[Task input — start]

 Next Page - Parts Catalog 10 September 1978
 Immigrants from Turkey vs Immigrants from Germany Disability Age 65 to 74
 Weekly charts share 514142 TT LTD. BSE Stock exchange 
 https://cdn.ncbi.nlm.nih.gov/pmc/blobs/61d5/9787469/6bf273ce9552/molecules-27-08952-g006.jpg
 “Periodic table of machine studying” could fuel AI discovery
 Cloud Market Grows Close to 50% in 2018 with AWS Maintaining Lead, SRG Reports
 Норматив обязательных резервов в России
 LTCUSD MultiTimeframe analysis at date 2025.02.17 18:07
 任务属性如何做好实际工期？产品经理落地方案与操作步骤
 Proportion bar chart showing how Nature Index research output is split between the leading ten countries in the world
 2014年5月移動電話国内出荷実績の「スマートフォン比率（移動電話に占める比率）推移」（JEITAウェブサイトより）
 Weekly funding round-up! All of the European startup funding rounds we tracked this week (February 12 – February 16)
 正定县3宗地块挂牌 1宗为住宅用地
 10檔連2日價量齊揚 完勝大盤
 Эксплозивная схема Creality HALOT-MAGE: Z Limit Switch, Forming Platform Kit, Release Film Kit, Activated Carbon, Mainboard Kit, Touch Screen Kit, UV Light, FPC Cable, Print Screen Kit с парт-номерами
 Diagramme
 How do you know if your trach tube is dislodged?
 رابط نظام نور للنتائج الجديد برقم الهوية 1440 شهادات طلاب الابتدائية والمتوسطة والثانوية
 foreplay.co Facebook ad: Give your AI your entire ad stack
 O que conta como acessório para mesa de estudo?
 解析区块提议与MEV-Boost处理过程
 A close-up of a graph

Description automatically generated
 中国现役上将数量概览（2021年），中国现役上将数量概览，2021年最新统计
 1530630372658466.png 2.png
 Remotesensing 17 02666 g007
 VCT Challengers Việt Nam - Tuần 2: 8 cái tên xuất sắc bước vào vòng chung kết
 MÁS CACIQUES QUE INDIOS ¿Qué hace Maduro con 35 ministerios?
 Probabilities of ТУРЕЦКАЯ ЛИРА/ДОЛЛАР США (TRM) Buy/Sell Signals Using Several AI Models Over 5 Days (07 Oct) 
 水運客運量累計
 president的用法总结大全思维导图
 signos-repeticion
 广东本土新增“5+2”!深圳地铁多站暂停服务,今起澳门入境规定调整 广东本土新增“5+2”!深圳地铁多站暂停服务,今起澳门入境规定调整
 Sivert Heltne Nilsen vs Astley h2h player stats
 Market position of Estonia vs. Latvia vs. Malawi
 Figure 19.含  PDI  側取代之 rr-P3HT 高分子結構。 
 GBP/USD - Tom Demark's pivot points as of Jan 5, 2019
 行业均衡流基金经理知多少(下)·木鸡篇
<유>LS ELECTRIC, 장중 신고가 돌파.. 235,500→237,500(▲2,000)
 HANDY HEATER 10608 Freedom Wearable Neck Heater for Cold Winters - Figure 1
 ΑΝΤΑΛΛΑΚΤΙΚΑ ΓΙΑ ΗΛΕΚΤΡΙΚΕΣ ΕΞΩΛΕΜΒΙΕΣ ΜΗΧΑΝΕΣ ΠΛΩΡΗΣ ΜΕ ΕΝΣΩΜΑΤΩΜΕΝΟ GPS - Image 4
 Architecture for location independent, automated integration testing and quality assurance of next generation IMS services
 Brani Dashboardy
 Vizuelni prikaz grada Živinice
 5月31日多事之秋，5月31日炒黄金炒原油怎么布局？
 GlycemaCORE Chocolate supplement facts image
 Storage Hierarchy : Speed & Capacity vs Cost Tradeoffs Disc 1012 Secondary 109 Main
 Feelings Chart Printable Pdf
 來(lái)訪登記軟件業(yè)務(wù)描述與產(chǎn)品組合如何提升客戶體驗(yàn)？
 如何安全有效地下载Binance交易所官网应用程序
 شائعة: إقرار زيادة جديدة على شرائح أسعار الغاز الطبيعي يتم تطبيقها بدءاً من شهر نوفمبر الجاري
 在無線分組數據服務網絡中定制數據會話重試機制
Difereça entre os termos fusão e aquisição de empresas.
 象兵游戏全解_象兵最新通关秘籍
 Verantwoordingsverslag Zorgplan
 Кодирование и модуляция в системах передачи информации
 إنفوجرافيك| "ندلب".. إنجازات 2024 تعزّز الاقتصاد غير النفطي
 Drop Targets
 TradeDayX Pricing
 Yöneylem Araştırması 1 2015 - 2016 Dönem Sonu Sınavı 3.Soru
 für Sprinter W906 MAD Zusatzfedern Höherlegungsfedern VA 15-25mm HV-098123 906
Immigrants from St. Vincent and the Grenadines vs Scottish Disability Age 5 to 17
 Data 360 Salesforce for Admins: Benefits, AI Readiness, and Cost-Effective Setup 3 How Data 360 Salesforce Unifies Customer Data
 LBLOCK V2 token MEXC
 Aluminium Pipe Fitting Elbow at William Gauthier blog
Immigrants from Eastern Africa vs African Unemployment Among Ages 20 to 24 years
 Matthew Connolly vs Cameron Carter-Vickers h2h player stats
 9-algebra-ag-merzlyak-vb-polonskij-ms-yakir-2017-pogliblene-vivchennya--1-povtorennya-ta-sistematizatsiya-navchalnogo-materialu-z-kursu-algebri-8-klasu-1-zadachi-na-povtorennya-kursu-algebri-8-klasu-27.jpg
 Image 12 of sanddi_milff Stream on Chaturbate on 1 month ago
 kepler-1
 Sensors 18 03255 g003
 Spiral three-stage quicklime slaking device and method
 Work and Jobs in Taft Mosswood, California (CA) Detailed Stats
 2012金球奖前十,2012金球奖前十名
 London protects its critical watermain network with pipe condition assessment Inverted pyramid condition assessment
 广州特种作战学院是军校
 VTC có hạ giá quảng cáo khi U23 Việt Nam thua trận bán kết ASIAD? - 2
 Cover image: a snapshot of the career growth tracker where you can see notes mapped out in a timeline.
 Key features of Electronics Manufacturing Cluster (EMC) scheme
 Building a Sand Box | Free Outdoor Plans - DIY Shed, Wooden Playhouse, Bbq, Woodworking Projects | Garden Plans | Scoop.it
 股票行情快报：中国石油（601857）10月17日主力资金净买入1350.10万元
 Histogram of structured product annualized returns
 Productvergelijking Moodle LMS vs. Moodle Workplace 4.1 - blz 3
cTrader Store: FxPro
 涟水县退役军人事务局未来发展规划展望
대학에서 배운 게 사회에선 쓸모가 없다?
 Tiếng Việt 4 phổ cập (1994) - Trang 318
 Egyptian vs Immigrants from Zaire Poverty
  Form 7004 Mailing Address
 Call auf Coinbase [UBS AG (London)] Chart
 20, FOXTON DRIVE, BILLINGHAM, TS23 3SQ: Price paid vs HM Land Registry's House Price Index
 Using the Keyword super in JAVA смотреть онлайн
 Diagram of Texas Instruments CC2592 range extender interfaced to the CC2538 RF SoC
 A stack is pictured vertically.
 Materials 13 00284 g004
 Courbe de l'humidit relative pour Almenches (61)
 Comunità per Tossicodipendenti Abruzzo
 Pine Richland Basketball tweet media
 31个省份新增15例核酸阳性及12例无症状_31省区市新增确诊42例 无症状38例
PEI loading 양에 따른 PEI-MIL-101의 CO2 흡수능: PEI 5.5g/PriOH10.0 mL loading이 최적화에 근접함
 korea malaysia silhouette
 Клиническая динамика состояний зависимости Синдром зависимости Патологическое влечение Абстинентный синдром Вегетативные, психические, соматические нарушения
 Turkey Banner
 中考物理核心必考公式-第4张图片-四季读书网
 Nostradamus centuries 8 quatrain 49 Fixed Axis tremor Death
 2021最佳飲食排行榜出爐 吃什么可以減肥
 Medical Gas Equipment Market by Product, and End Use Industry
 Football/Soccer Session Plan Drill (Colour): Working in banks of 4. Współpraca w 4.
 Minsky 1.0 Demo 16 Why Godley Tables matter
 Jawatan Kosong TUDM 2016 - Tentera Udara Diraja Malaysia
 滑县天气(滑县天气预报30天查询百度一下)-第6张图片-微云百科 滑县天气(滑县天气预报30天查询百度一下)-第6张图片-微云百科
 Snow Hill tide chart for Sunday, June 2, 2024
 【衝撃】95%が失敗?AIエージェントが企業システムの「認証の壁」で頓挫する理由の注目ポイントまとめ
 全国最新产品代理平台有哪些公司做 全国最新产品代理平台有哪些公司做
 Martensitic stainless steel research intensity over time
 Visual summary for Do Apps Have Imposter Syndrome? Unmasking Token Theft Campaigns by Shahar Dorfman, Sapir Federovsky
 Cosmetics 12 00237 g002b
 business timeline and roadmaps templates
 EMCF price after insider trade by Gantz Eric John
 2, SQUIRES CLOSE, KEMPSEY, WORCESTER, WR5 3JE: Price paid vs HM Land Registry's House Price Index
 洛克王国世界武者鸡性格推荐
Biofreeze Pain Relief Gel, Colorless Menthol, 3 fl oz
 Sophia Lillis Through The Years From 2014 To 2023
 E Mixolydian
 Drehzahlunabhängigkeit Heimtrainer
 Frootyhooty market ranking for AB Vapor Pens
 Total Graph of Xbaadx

[Task input — finish]

What this task involves: Give back, exactly as written, the stretch from the line with "korea malaysia silhouette" through the line with "Biofreeze Pain Relief", and no other lines from the records above.

Response:
 korea malaysia silhouette
 Клиническая динамика состояний зависимости Синдром зависимости Патологическое влечение Абстинентный синдром Вегетативные, психические, соматические нарушения
 Turkey Banner
 中考物理核心必考公式-第4张图片-四季读书网
 Nostradamus centuries 8 quatrain 49 Fixed Axis tremor Death
 2021最佳飲食排行榜出爐 吃什么可以減肥
 Medical Gas Equipment Market by Product, and End Use Industry
 Football/Soccer Session Plan Drill (Colour): Working in banks of 4. Współpraca w 4.
 Minsky 1.0 Demo 16 Why Godley Tables matter
 Jawatan Kosong TUDM 2016 - Tentera Udara Diraja Malaysia
 滑县天气(滑县天气预报30天查询百度一下)-第6张图片-微云百科 滑县天气(滑县天气预报30天查询百度一下)-第6张图片-微云百科
 Snow Hill tide chart for Sunday, June 2, 2024
 【衝撃】95%が失敗?AIエージェントが企業システムの「認証の壁」で頓挫する理由の注目ポイントまとめ
 全国最新产品代理平台有哪些公司做 全国最新产品代理平台有哪些公司做
 Martensitic stainless steel research intensity over time
 Visual summary for Do Apps Have Imposter Syndrome? Unmasking Token Theft Campaigns by Shahar Dorfman, Sapir Federovsky
 Cosmetics 12 00237 g002b
 business timeline and roadmaps templates
 EMCF price after insider trade by Gantz Eric John
 2, SQUIRES CLOSE, KEMPSEY, WORCESTER, WR5 3JE: Price paid vs HM Land Registry's House Price Index
 洛克王国世界武者鸡性格推荐
Biofreeze Pain Relief Gel, Colorless Menthol, 3 fl oz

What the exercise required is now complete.